In BAK’s meeting with Magdeburg on Saturday, Teichmann was the key figure in a pulsating first half, responsible for creating chaos at both ends of the field – precisely the opposite of a central defender’s job – and thereby providing plenty of entertainment to the 931 supporters present, if not a couple of grey hairs for his boss, Jens Härtel. The chances flowed freely as the two teams pounded forward, both buoyed by undefeated starts to the season.
The guests, in particular, must be pleased with their start – last year, Magdeburg finished bottom of the table by a distance, saved from relegation only by the expansion of the Regionalligen from three to five divisions. With just 23 goals scored in 34 games in 2011/12 (gamely endured by their long-suffering fans), one can’t blame vice-president Mario Kallnik for telling FuWo that “the short-term goal is survival” – a line heard coming from every club from the Regionalliga to the Landesliga, but one that, in Magdeburg’s case, doesn’t reek of false modesty even if the newly-assembled squad sat on top of the Regionalliga before Saturday’s encounter.
Metin Cakmak, or Pokal Hero Metin Cakmak as he is known these days, had the first chance, a curled effort from the edge of the box that Magdeburg keeper Matthias Tischer just about got his fingertips to. Moments later, Tischer’s attacking teammates somehow conspired to fail to take the lead as Florian Beil and Dawid Krieger could not capitalise on Justin Gerlach being shrugged out of the way by Fabio Viteritti. BAK were looking defensively shaky, and the injury that Teichmann picked up early on was certainly not helping: the big man was limping visibly and it appeared as though his game would be coming to an end sooner rather than later. The opening goal was a direct consequence: Tobias Friebertshäuser had time and space to tap the ball home after a free-kick from the flank evaded everyone. The two No Dice ‘experts’ in the stand looked at one another and agreed that Teichmann had to be substituted – he had tried and failed to run off the injury, and was now just Andy Carroll: a big ponytailed liability.

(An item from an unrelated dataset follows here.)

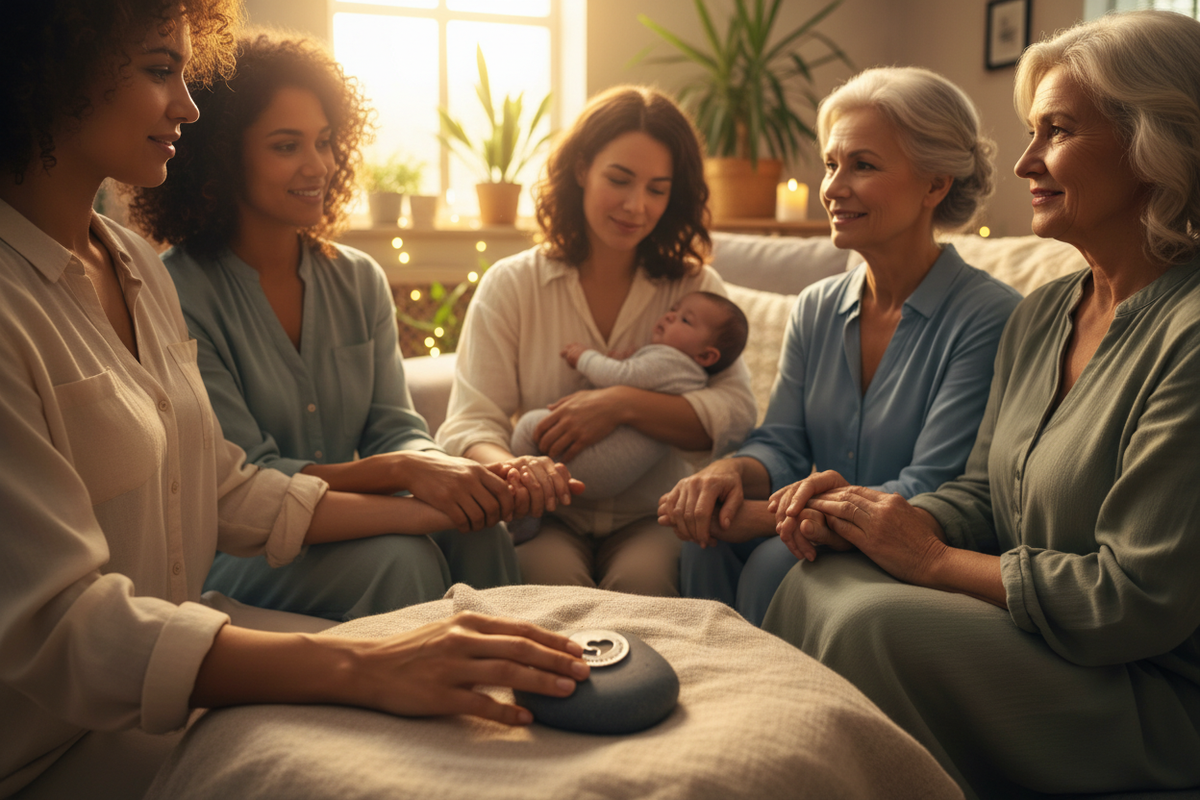 To Guide Nurture Protect meditation stone with group of women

That’s when Teichmann rampaged forward, played a one-two at the edge of the box, dinked a sombrero over a Magdeburg defender and set up Philip Malinowski to smash an accurate volley into the far corner for the equaliser. It was the perfect mix of sublime skills and sheer pig-headed determination. Rocco, we will never doubt you again. Well, unless you miss an incredible chance from a metre out, scuffing a loose ball off your knee straight at the goalkeeper on the stroke of half-time, but even then we’ll acknowledge that it was actually a pretty difficult chance.
For the fifteen minutes before the break, BAK had been sublime, full of intricate link-up between the forward line of Cakmak, Malinowski and Kevin Kruschke. This pace was maintained immediately after half-time, but suddenly, as if both teams decided that a draw was a satisfactory result, a game that had been brimming with promise rapidly petered out. Henning Lichte thumped a header wide from a delicious Kruschke cross with five minutes to play and… well, that was pretty much all that happened in the final half hour.
No matter. Both teams maintain their unbeaten start, and although RB Leipzig and Auerbach’s victories mean that Magdeburg surrendered their top spot, the slide to third spot will not be felt too sorely. After all, Leipzig are the only team that genuinely hopes to win this division.